Гарри помнит грязные, полные крыс катакомбы ямайской тюрьмы и помнит, как думал, что больше никогда не увидит «Леди Энн». Он вспоминает абсолютно дерзкую, абсолютно безумную и неожиданно удачную попытку Лиама и Найла вытащить их с Луи с виселицы, хотя и Стайлс, и Томлинсон уже успели попрощаться с жизнью.

И Гарри думает, что, кажется, никогда не поймет поступков Малика. Ради чего Зейн предал их дружбу — ради славы? Богатства? Каперской лицензии от англичан? И ради чего он помог им сейчас? Если вообще помог, а не пытался загнать в заранее расставленные сети.

Записка, оставленная Гарри и Лиамом на берегу острова Юнион — пригвожденная ножом к ближайшей пальме, если уточнять, — могла разозлить англичан до белых глаз. А ещё — одним махом лишить Зейна всех привилегий, которые принесло ему предательство. И Гарри, до крайности довольный собой тогда, сейчас признается сам себе, глядя в темноту: а принесло ли ему это удовлетворение?

Ответ приходит не сразу. Гарри слушает шум волн, бьющихся о борт «Леди Энн», вспоминает, как много лет назад они с парнями валялись прямо на полу в общей каюте — юнгам с гамаками и тюфяками не особо, знаете ли, везло, — и мечтали, как их имена будет знать весь мир, казавшийся тогда огромным. Вроде бы, именно в одну из таких ночей Зейн попросил Луи научить его писать (всякое в жизни пригодится), и Томлинсон все свободное время тратил на обучение друга этой не такой уж хитрой науке.

«Почему ты предал нас? Что же было не так?»

Гарри ищет и не находит ответ, а тоска свербит за ребрами, ноет, завывает больным ветром и мешает уснуть. Кажется, его не удовлетворило дерзкое письмо, оставленное англичанам. Кажется, ему до сих пор так больно, что эта боль прорастает в легких и мешает вздохнуть. Кажется, он поступает, как Зейн когда-то, и это приравнивает его к бывшему другу, навсегда получившему звание «предатель». И если Гарри так гордился, что не предал бы даже своего врага, почему он сделал это теперь?

Англичане совсем не так тупы, как хотелось бы. Смогут сложить несколько фактов и осознать, что кто-то команду «Леди Энн» о приближении трех фрегатов предупредил. А кто ещё это мог быть, как не бывший пират?

Совесть выгрызает в душе у Гарри дыру. Он бьет кулаком по постели: чем же он лучше Малика? И ненавидит себя за слабость, ненавидит до зубовного скрежета. И хотя ни Луи, ни Лиам, ни Найл его не осуждают, он осуждает сам себя. Эйфория от дерзкого поступка проходит, растворяется в пене морской, а боль — вот она, всегда с ним, навсегда за грудиной плещется, разъедает отравой.

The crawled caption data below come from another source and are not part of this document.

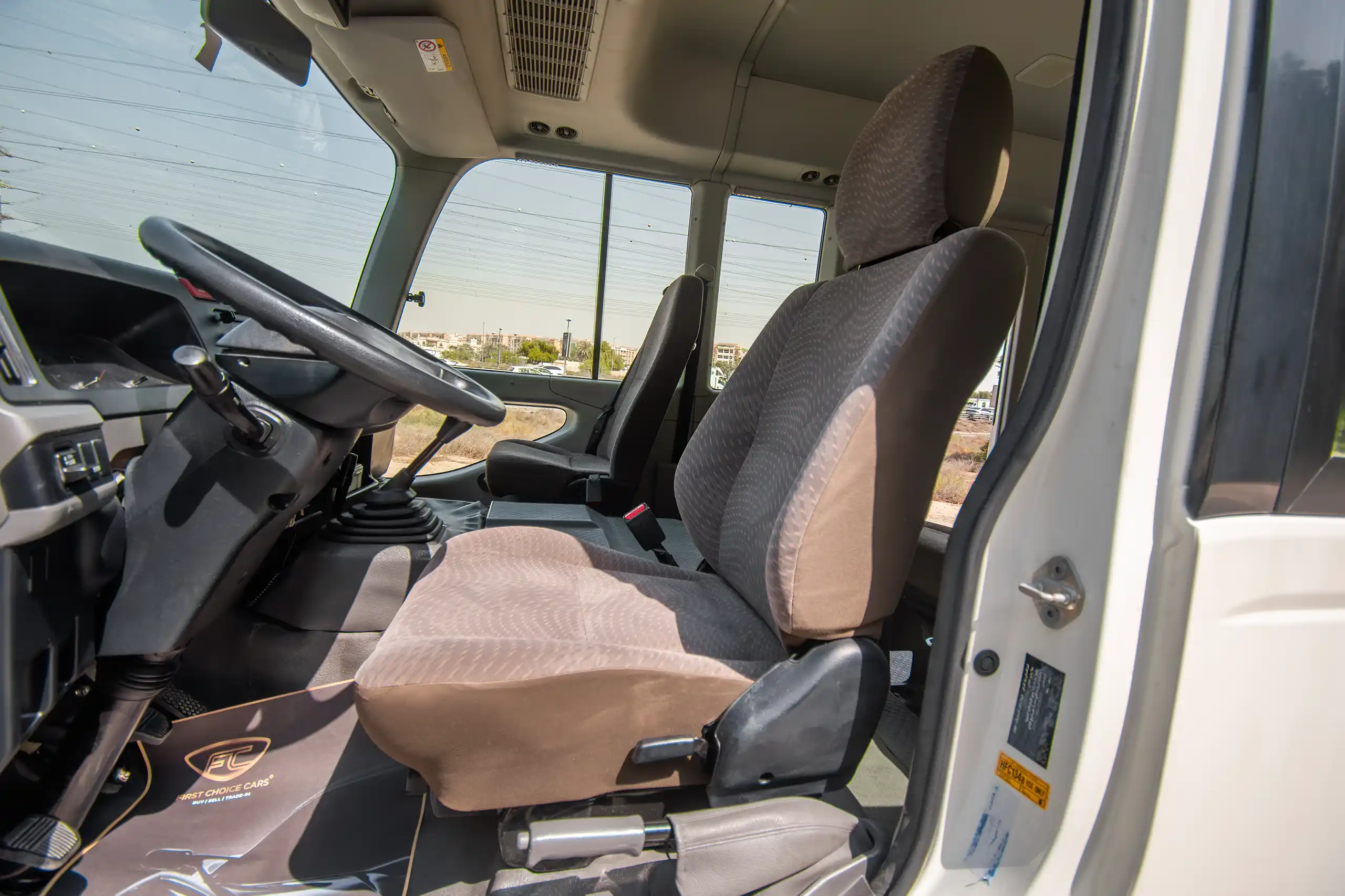 Used 2020 Toyota Coaster Bus White – Front Driver Side Cabin View at First Choice Cars Sharjah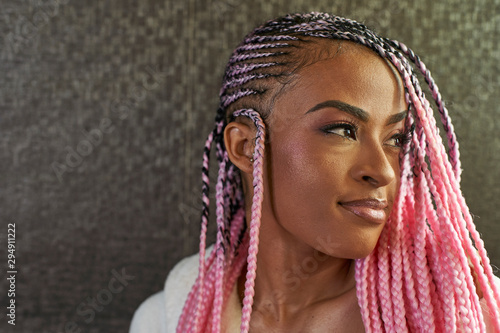 Portrait of young woman with pink braids photo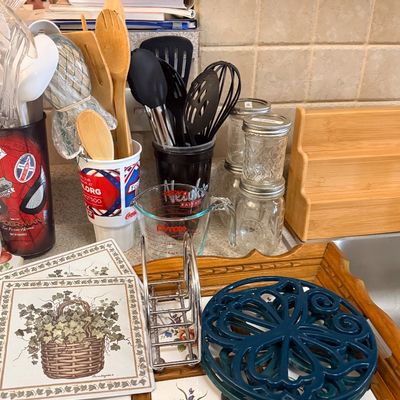 Assortment of kitchenware including a Pyrex glass measuring cup, Mason jars, wooden and plastic utensils, a cast iron trivet, ceramic hot...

Гарри поднимается, набрасывает рубашку на плечи. Быть может, соленый воздух океана и шум волн утихомирят его душу, как всегда и бывало? Море и палуба «Леди Энн» спасали от любых кошмаров, тянущих лапы в ночи. Он выбирается на палубу. На квартердеке Джон — сменил Поля, очевидно. Гарри кивает ему, но к рулю не поднимается, отходит к борту, опирается о фальшборт. Море — темное, но спокойное, плещется о бока «Леди Энн», успокаивает, утешает… зовёт. А над ним — звезды, бархатным полотном, расшитым драгоценными камнями, небо раскинулось над волнами, и черт знает, где океан переходит в небеса.